La suerte del país se juega en la disputa entre la verdad de los hechos y la verdad del relato, y quien debe definir la contienda es la Corte. Por eso el fallo del martes dejó a la sociedad argentina en estado de orfandad: la mayoría de los cortesanos se decidieron por el relato y abrieron un interrogante de vértigo sobre la capacidad del Tribunal de actuar como último recurso ante los que atentan contra la división de poderes para alcanzar una hegemonía autoritaria que garantice impunidad. Lejos de eso, les dedicaron un guiño: avancen, nomás (y a los jueces, otro guiño: el que investiga, pierde). Para hacerlo, violentaron un ramillete de presupuestos jurídicos, como señaló el constitucionalista Daniel Sabsay. Entre ellos, la cosa juzgada, la inamovilidad de los jueces, el principio del juez natural y la irretroactividad de la ley.
Si querían cambiar el régimen de los traslados, una costumbre discutible asentada durante 70 años, podrían haberlo hecho de aquí en más, sin afectar derechos adquiridos y sin producir un descalabro en la administración de justicia. La sociedad, por otra parte, tiene derecho a que actos gravísimos de corrupción de los que fue víctima sean juzgados por jueces imparciales. Sin embargo, la vicepresidenta necesita que la juzguen militantes vestidos de jueces y la Corte se allana ante semejante pretensión. Anteayer, con un nuevo fallo, la mayoría extendió lo decidido en el caso de los camaristas Leopoldo Bruglia y Pablo Bertuzzi al juez Germán Castelli, integrante del tribunal oral que debe juzgar a la vicepresidenta por la causa de los cuadernos de las coimas, una radiografía feroz de la matriz corporativa que la bulimia de los Kirchner llevó al límite (y que ahora el Gobierno busca dinamitar cuestionando la figura del arrepentido).
Además de los tres jueces en cuestión, de una valentía ejemplar, quien no siguió el juego habitual fue el presidente de la Corte Suprema. Carlos Rosenkrantz comprendió la gravedad institucional del caso y en su fallo mantuvo con coherencia la posición que el Tribunal había adoptado dos años atrás: votó en soledad por la permanencia de los jueces en sus cargos, subrayando la garantía de inamovilidad establecida por la Constitución. En un contexto adverso, de fuertes presiones, hizo lo que debía hacer. Votó de acuerdo a la ley.

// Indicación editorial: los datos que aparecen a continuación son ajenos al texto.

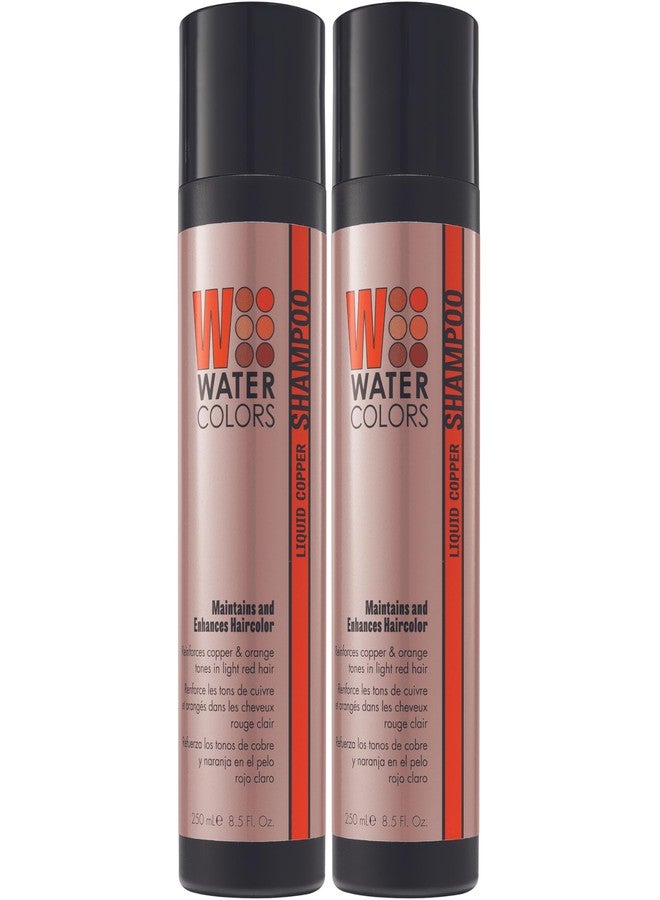 Watercolors by Tressa 3-in-1 Color Depositing Shampoo, Semi Permanent Hair Color, Hair Dye Shampoo for Curly, Dry, and Normal Hair, 8 fl oz - LIQUID COPPER (2 Count) - Image 1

Allí reside su ejemplaridad.

La resistencia más fuerte y decidida de la república viene de la calle. Cada uno de los banderazos es un reclamo no solo al Gobierno, sino también a aquellos que todavía conservan alguna cuota de poder en la Argentina. Les exigen que, antes de que sea demasiado tarde y venciendo el miedo, lo pongan al servicio de la verdad y la democracia republicana por las que velan los que marchan.